The COVID-19 pandemic took the world by storm, and although it has taken the world’s attention, it did not stop the spread of other communicable diseases, such as seasonal influenza. Seasonal influenza is a viral infection that could cause severe illness, especially among patients with a weakened immune system, e.g., elderly patients, leading to hospitalisation [1,2]. Therefore, public health authorities recommend the uptake of seasonal influenza vaccines annually to protect against severe cases of influenza infections. The uptake of influenza vaccines should not negate or negatively affect COVID-19 vaccinations, and it is recommended that the population, especially those at risk of severe infections, should be vaccinated against both pathogens [3,4]. The full dose of COVID-19 vaccination was one of the instrumental measures taken by the Saudi public health authorities to tackle the pandemic [5,6,7,8].

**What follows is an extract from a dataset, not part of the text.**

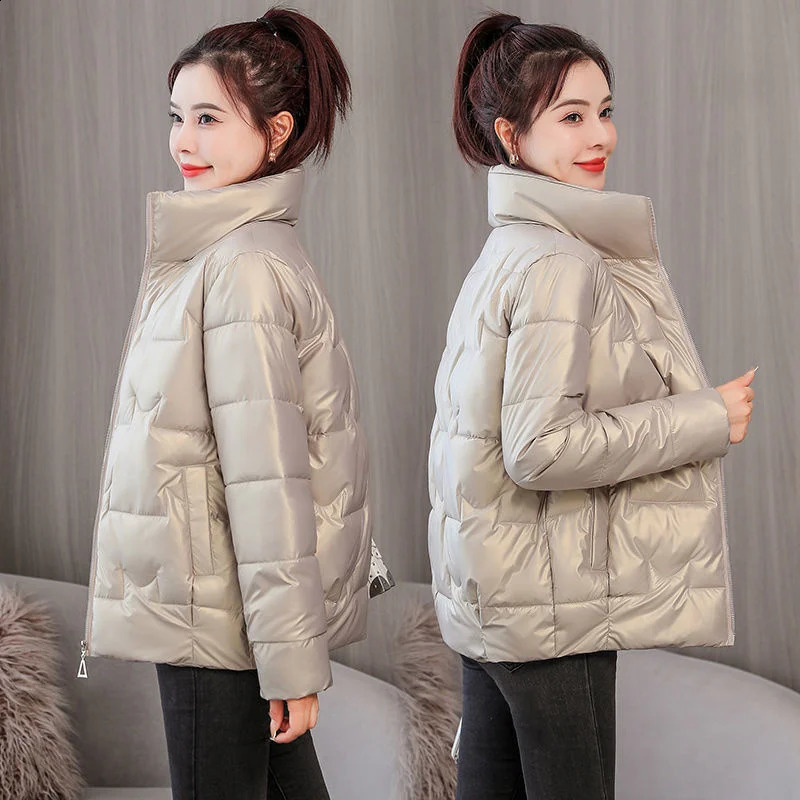 Winter womens jacket smooth cotton padded Parkas loose short thick warm casual 240823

Vaccines are generally safe to administer but are contraindicated to those with severe allergies against the vaccine or one of its components. For example, seasonal influenza vaccines are usually raised in eggs; hence, they are contraindicated in people with an egg allergy [9]. However, not all allergies are at the same level of severity, and the ratio of the benefit (of vaccination) to the risk (of having an allergic reaction) should be carefully weighed to determine whether to vaccinate subjects or not [10].

2. Case Presentation

This is a case of a 34-year-old male, a non-smoker, with a body mass index (BMI) of 49.8 and a known case of egg allergy. The patient described his allergy to eggs as mild, in which he develops urticaria upon consumption of eggs across several consecutive days. The patient previously received two doses of Adenovector AstraZeneca COVID-19 vaccine and a booster dose of Pfizer-BioNTech.

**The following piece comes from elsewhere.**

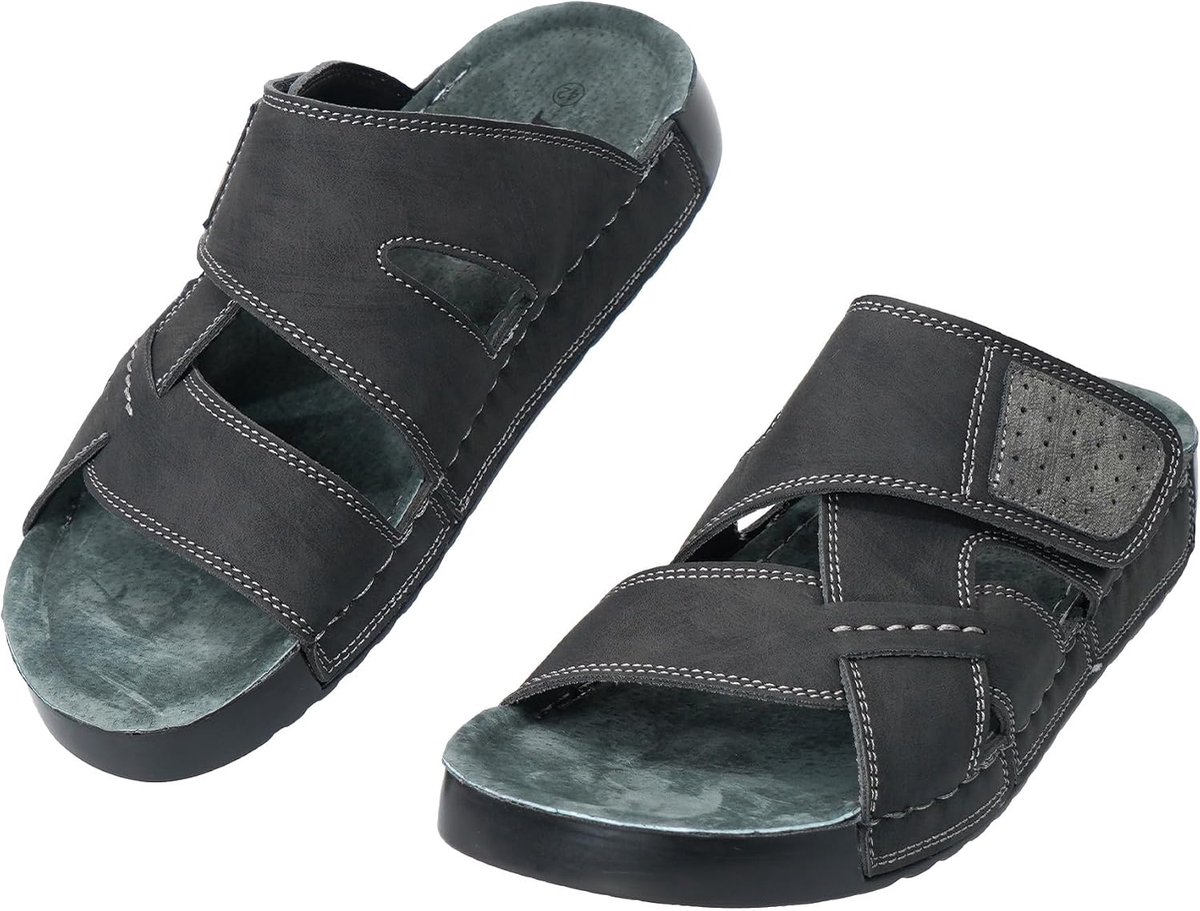 Herensandalen met klittenbandsluiting, gekruiste teenslippers met kurkzool, comfortabele zomerschoenen voor thuis en op het strand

The patient received a dose of the quadrivalent influenza vaccine (Vaxigrip Tetra®) (day 0). According to the manufacturer’s instructions, the vaccine is contraindicated for people with hypersensitivity to eggs (ovalbumin, chicken proteins). On day 14, the patient received a COVID-19 booster dose and was offered a dose of the influenza vaccine, to which he agreed. The patient received another shot of the influenza vaccine and the second booster dose of the COVID-19 vaccine (Pfizer-BioNTech), in the left and right arm, respectively. The two shots of the influenza vaccine the patient received were of the same type and injection site (right arm).

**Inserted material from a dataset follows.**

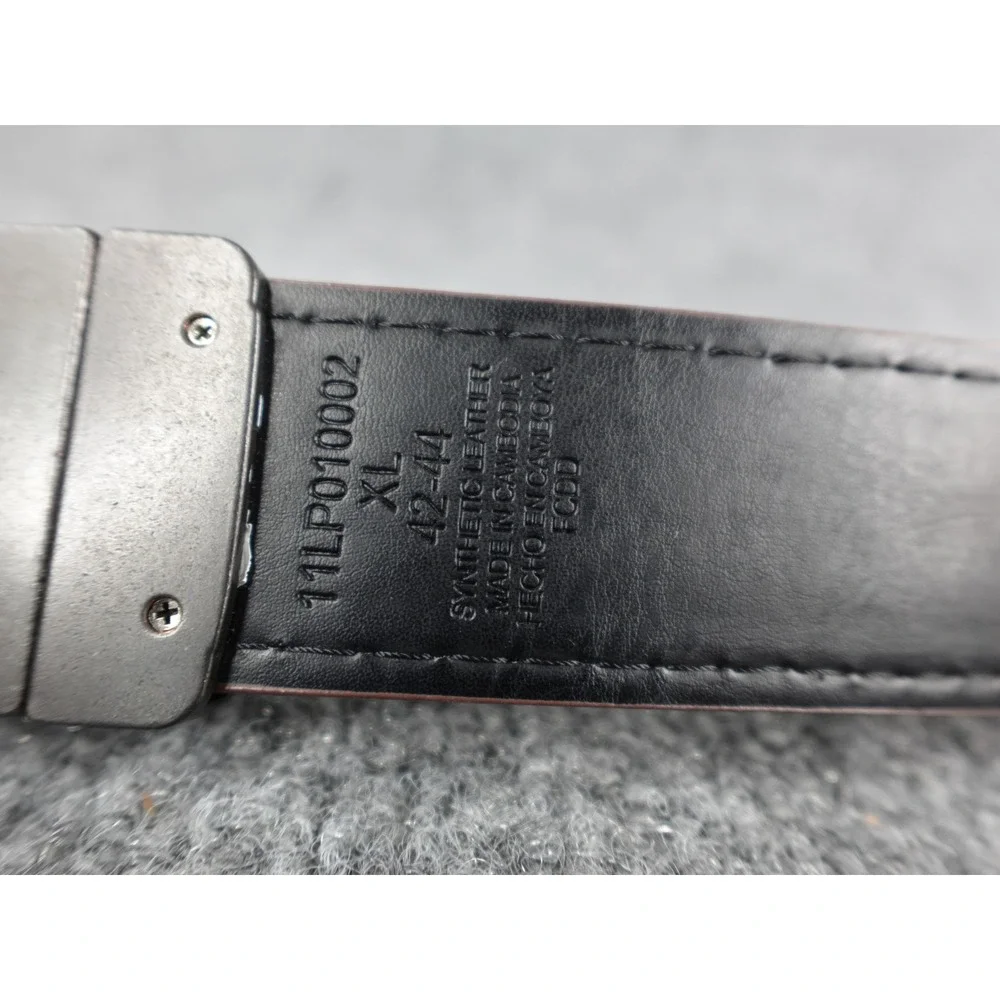 Reversible‎ Belt Classic Buckle Brown Black Leather Mens XL 42-44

The patient reported local tenderness around the injection site following the first influenza vaccine on day 0; however, no systematic manifestations were reported, such as fever, shivering, fatigue, or body aches. Upon the double vaccination on day 14, the patient was kept under medical surveillance in a healthcare facility for 30 min as a precautionary measure, during which the patient did not develop any adverse reactions. Following the double vaccination, the patient did not develop any significant local reactions, e.g., severe redness, pain, or tenderness. However, a localised rash can be observed at the site of the influenza vaccine injection (Figure 1).
Similarly, no systemic vaccine adverse reactions were observed, and the patient did not report taking any over-the-counter analgesics/antipyretics, e.g., Paracetamol or Ibuprofen. The patient was invited for a blood investigation three days after the double vaccination. The patient’s haematological parameters were all within the reference range, except for the mean corpuscular volume (MCV), which was 0.1 fL below the reference range. The patient’s Food Allergen Test showed a very minor positivity to alpha-lactalbumin and positivity to shrimp/prawn (Table 1).

3. Discussion

Allergy, or hypersensitivity, can be classified into immunoglobulin (Ig)E-mediated and non-IgE-mediated disease. IgE-mediated hypersensitivity shows rapid clinical features, such as urticaria and/or angioedema, which could further develop into a life-threatening anaphylactic reaction [11]. Such allergies could possibly be diagnosed by careful history taking and commercially available allergen-specific antibodies. Some non-IgE-mediated hypersensitivities, such as delayed hypersensitivities, could take days before clinical manifestations appear. These delayed hypersensitivities are partially attributed to cellular (T cell) response, and reaching such a diagnosis is challenging with commercially available tools, such as the skin prick test and antibody testing [12]. The patient, presented in this case study, seemed to have a delayed hypersensitivity to eggs, as evident from his account of his allergy (history taking), the lack of immediate manifestations developed after vaccinations, and the allergen test result showing a lack of egg-specific IgE.
Interestingly, the practice of mass vaccination was concurrent with the increase in the prevalence of allergy among children, leading researchers to hypothesise a link between vaccination and allergy [13,14]. However, Navaratna and colleagues attempted to evaluate such a link, which was found to be non-evident using a systematic review and meta-analysis of 35 cohort studies and 7 randomised controlled trials [15].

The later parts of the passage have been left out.